Liberty is defined as the quality or state of being free, the power to do as one pleases, the freedom from physical restraint, and or the freedom from arbitrary or despotic control.
In 1865 Frenchman Édouard de Laboulaye proposed the idea of a monumental gift from the people of France to the people of the United States. An ardent supporter of America, Laboulaye desired to mark the Declaration of Independence as well as celebrate the long friendship between France and America. Further, the Frenchman was moved by the abolition of slavery in the U.S., which furthered America’s ideals of liberty and freedom.
The Lady Liberty was presented to America in a ceremony in Paris on July 4, 1884. In 1885 the completed statue, 151 feet 1 inch (46 meters) high and weighing 225 tons, was disassembled and shipped to New York City. The pedestal, designed by American architect Richard Morris Hunt and built within the walls of Fort Wood on Bedloe’s Island, was completed later. The statue, mounted on its pedestal, was dedicated by President Grover Cleveland on October 28, 1886.
Let’s take a moment to agree on the term Liberty defined as the quality or state of being free, the power to do as one pleases, the freedom from physical restraint, and or the freedom from arbitrary or despotic control.
Since 1776, our planet has transformed from a worldwide closed autocracy to ever-increasing liberty in the form of representative democracies. Peaking at more than half the world’s population in 2000, liberty has dipped a bit. But it is worth noting all the gains liberty had made in such a short time. Check out the graphic below from the University of Oxford. I will let the learned folks at Oxford explain their political categories.
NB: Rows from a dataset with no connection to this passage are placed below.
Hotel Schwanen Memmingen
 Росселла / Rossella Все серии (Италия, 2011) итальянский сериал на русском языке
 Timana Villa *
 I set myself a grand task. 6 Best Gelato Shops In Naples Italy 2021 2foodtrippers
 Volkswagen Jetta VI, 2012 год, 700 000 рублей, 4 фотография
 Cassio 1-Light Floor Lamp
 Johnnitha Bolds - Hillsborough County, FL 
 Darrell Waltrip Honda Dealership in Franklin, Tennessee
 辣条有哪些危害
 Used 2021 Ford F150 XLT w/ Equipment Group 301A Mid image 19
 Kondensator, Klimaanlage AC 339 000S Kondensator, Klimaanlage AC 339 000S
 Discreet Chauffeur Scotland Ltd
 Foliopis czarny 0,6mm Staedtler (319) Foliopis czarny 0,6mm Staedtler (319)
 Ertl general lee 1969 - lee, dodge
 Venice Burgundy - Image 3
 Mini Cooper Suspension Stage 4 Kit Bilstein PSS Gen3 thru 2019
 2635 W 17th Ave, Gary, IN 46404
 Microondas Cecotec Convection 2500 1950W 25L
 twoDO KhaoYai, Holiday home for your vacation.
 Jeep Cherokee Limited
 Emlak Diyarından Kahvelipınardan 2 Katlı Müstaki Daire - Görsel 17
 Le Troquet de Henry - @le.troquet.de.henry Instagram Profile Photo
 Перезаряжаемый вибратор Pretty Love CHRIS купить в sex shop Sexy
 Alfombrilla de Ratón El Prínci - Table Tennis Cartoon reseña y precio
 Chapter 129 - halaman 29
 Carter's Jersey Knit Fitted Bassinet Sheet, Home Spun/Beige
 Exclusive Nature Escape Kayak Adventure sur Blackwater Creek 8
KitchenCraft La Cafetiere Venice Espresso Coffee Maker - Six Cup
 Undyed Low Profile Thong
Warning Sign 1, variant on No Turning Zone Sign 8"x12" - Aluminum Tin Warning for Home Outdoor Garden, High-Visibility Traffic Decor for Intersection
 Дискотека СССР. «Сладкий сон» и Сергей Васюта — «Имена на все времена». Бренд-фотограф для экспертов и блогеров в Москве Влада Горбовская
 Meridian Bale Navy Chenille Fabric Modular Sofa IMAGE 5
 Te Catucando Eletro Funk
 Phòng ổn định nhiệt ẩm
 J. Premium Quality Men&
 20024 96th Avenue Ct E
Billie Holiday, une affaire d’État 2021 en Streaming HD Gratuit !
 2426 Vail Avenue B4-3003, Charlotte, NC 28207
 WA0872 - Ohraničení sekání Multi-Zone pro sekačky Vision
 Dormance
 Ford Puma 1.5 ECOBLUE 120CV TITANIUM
Which political systems does the ‘Regimes of the World’ classification distinguish?
- In closed autocracies, citizens do not have the right to choose either the chief executive of the government or the legislature through multi-party elections.
- In electoral autocracies, citizens have the right to choose the chief executive and the legislature through multi-party elections; but they lack some freedoms, such as the freedoms of association or expression, that make the elections meaningful, free, and fair.
- In electoral democracies, citizens have the right to participate in meaningful, free and fair, and multi-party elections.
- In liberal democracies, citizens have further individual and minority rights, are equal before the law, and the actions of the executive are constrained by the legislative and the courts.
Unfortunately, our global political growth does not come without a few birth pains. Notice, for the first time since World War II, electoral autocracies have the largest slice of our planet’s population. This shift in political alignment away from democracies to electoral autocracy does not bode well for peace.
Let me tell you why. A notion called the Democratic Peace Theory.
Immanuel Kant (1724-1804) is generally considered one of the most profound and original philosophers in generations. He fostered ideas like, “always treat people as ends in themselves, never merely as a means to one’s own ends.” Kant famously argued that peace could emerge among states once they shared three features: representative democracy, adherence to international law and organizations, and advanced commercial integration.
The foundation of the Democratic Peace Theory was first articulated by Kant in his 1795 essay entitled “Perpetual Peace.” In his piece, Kant argued that nations with constitutional republic governments are less likely to go to war because doing so requires the consent of the people, who would actually be fighting the war.
The Democratic Peace Theory states that countries with liberal democratic forms of government are less likely to go to war with one another than those with other forms of government. President Woodrow Wilson, said in his 1917 World War I message to Congress stated that “The world must be made safe for democracy.”
Dependent on the ideologies of liberalism, such as civil liberties and political freedom, the Democratic Peace Theory holds that democracies are hesitant to go to war with other democratic countries. Proponents cite several reasons for the tendency of democratic states to maintain peace, including:
- The citizens of democracies hold sway over legislative decisions to declare war.
- In democracies, the voting public brings their elected leaders to account for human and financial war losses.
- When held publicly accountable, government leaders are likely to create diplomatic institutions for resolving international tensions.
- Democracies rarely view countries with similar policies and forms of government as hostile.
- Usually possessing more wealth than other states, democracies avoid war to preserve their resources.
Whether the Democratic Peace Theory is a suitable causal explanation for war and peace is an argument for another day. To date, the theory seems to explain the relative peace experienced since World War II as democracy spread through the ruins of colonialism.
Looking at liberty on a map below, we find gains from World War II in flux as the light blue counties wedged between the dark blue of liberal democracies and the orange of autocracies. Democracy’s rise has made us a more peaceful and stable world, however, the recent rise in autocracies portends a more troubled horizon. If we believe in the Democratic Peace Theory our future is likely to be less peaceful. More conflict.
Are you able to see the Ukraine conflict more clearly against the backdrop of our bipolar ideological world on the map above?
Liberty, in the form of liberal and electoral democracies, has made great strides since 1776. We have much to celebrate, but our work remains undone. Especially, when those electoral and closed autocracies (China, Russia, and others) cannot peacefully live inside the boundaries of their own sovereignty.